Needless to say, air travel today isn't what it was even a year ago. COVID-19 has changed how we treat taking to the skies, but long before the pandemic, the TSA, or even jet engines, getting on a plane was way different than it is now.
Thanks to Rick88888888 on YouTube—this guy really likes the number eight—we can see how it used to be in 1929. This isn't just black and white footage, though. It's been motion-stabilized and had its speed adjusted to give it a less choppy feel, all while having its quality enhanced with help from A.I. colorization. The result, plainly put, is incredible.
The image above is really best experienced as a moving one in the video below, but yes, that's the Eiffel Tower—just 40 years young when this footage was taken and still the tallest man-made structure in the world. What you're seeing in the left of the frame is the Fokker F.VII airliner's radial engine. In the clip, you can see its exposed valvetrain ticking away as the plane cuts through the air.
The film actually has a few different planes in it.
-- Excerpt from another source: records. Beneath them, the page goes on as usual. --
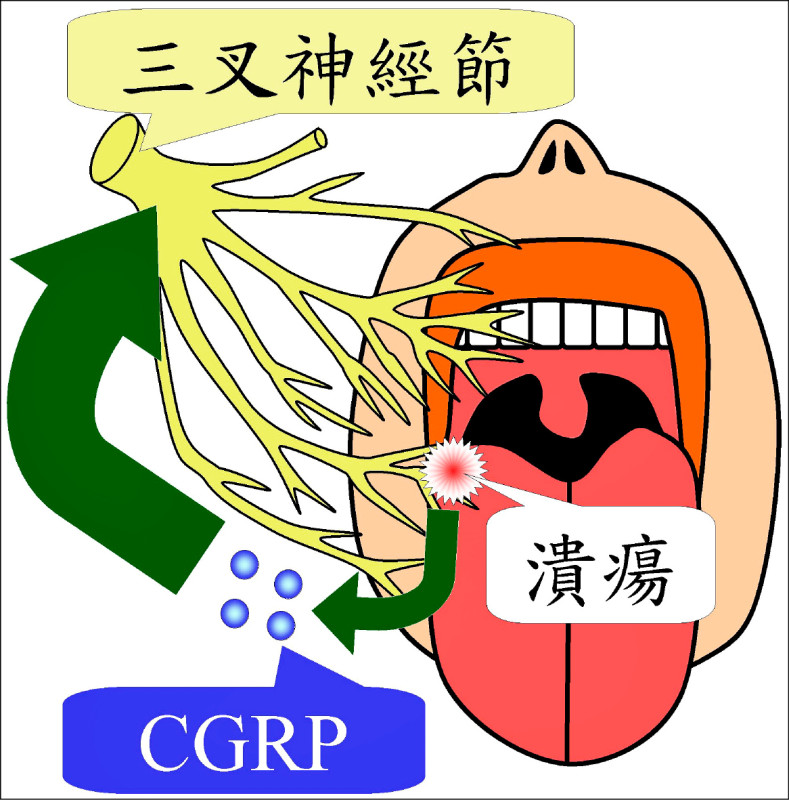 ▲圖3：口腔潰瘍處釋放出大量CGRP，活化三叉神經，誘發偏頭痛。（照片提供／陳建志）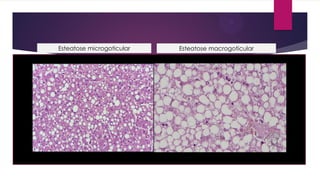 Esteatose microgoticular Esteatose macrogoticular
 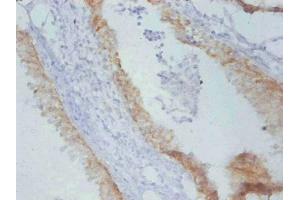 Immunohistochemistry of paraffin-embedded Rat prostate cancer using ABIN7179094 at dilution of 1:100. (TIMP1 抗体)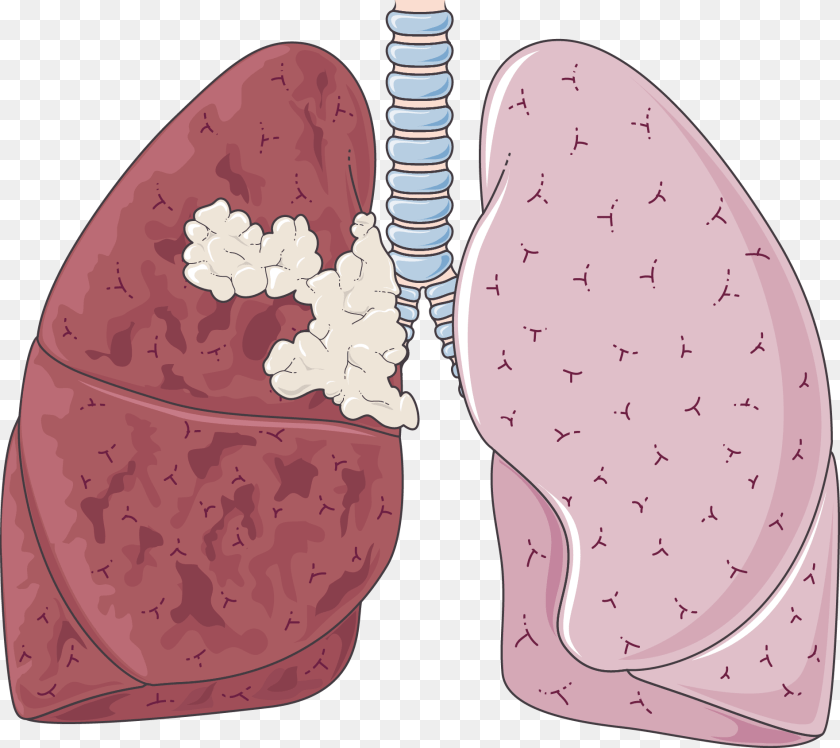 1898x1689 Clipart Library Clipart Lungs Milo Yiannopoulos Twitter Roasts, Clothing, Footwear, Shoe, High Heel Transparent PNG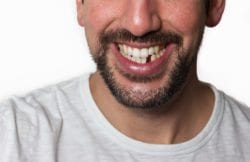 Replacement Options for Missing Teeth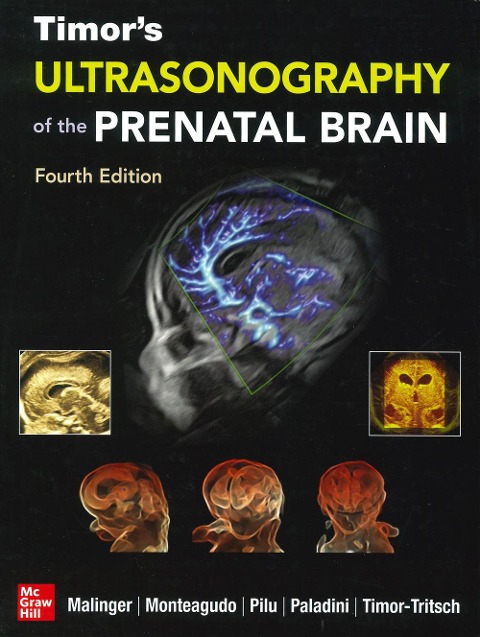Timor's Ultrasonography of the Prenatal Brain, Fourth Edition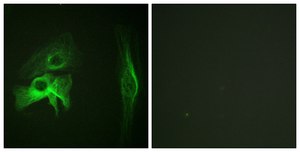 Anti-PAK1 antibody produced in rabbit affinity isolated antibody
The first is the aforementioned tri-engine Fokker, while at around 2:27 a twin-engine plane—likely also a Fokker—replaces it. The last aircraft to be seen is the one in the lead image, another tri-engined machine, perhaps a Fokker F1X. With these early aircraft, sometimes it's hard to know exactly, and I'm no expert.
Interestingly, at least one of the planes in the video is being operated by KLM, also known as Royal Dutch Airlines. If that name sounds familiar, it's because KLM is still in business. It's been operating continuously for 102 years since its founding in 1919, making it the oldest airline in the world.
We've previously covered a similar restored film depicting a road trip that took place way back in 1895, well before cars were even close to mainstream. That was pretty cool—and extremely peaceful on the re-watch, gotta say—but the views weren't quite as spectacular. Paris before World War II is an incredible sight to behold from the air, especially after being restored in color and enhanced by A.I.
It may not be as cool as custom Dodge Neon airport baggage tractors, but hey, those things set a pretty high standard.